The Legislative Commission's Subcommittee to Review Regulations passed the rules Wednesday on a split vote, with all three Democrats opposed. The move was the final hurdle for the state treasurer's office to adopt regulations for the program, which is expected to start disbursing money to thousands of Nevada families in February if courts don't put it on hold.
The program lawmakers authorized this spring allows families to claim a majority of their child's per-pupil state education funding and apply it toward qualified expenses such as private school tuition. Students must attend public school for at least 100 days before becoming eligible — a rule aimed at preventing all of Nevada's current private school students from jumping in the program at once and straining the state budget.
The regulations spell out implementation details for the program, and also exempt military families and kindergartners from the 100-day requirement. Military mothers testified that the exemption would allow more stability for their children, who already struggle with frequent moves.
Democratic opponents say the exemptions supported by Treasurer Dan Schwartz exceed the parameters of the original bill and the treasurer's authority. State lawyers also raised concerns that the exemptions went too far.
To clarify the ambiguities, Republicans pushed a nonbinding resolution through the Legislature in the final moments of a special session this month that says lawmakers' original intent would have been to support the two exemptions.
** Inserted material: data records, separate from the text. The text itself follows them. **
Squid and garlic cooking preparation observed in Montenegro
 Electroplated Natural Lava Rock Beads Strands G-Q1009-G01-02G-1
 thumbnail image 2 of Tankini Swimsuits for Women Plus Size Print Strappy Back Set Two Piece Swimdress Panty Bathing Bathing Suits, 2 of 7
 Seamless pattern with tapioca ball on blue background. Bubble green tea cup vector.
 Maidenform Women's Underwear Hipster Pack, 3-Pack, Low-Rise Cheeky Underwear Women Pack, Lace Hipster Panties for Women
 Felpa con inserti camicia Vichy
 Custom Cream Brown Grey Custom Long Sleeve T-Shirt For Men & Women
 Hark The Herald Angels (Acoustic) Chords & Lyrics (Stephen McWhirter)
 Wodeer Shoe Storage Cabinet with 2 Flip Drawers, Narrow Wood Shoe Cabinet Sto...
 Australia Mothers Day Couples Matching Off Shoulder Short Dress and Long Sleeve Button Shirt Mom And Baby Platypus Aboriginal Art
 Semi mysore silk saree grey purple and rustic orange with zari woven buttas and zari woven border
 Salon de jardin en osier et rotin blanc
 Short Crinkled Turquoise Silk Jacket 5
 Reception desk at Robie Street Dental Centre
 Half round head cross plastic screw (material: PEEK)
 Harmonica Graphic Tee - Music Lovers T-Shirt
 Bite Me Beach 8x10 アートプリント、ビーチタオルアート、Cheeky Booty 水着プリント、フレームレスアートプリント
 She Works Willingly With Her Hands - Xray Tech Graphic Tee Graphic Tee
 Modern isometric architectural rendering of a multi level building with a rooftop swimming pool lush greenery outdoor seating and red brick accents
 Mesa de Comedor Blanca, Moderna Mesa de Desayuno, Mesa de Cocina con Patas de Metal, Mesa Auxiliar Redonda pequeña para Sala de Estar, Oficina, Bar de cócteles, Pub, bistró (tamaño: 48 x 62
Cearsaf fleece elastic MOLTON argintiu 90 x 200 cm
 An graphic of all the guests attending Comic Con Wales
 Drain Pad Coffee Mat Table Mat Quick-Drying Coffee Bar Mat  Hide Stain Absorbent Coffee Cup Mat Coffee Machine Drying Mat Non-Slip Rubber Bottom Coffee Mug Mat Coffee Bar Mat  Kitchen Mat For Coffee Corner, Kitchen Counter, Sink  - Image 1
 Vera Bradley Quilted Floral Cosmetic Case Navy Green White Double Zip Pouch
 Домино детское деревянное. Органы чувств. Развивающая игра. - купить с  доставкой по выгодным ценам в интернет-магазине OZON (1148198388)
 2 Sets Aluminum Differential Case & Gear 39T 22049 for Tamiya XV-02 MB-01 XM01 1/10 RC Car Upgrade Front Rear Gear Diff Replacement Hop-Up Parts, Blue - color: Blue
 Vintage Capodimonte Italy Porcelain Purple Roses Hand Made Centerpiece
But Senate Democratic leader Aaron Ford referred to the unexpected measure as "resolution by ambush" and said minutes from this spring's session show no substantial discussion about any exemptions to the 100-day rule.
Ford also said Wednesday that the regulations are controversial enough that they should have been considered by the larger Legislative Commission but wouldn't have passed there. The commission includes 12 members and is evenly split between Republicans and Democrats, while the seven-member subcommittee leans Republican.
Democrats stressed that they support military families, but they oppose efforts to exempt them from the rule through regulations instead of going through the traditional legislative process.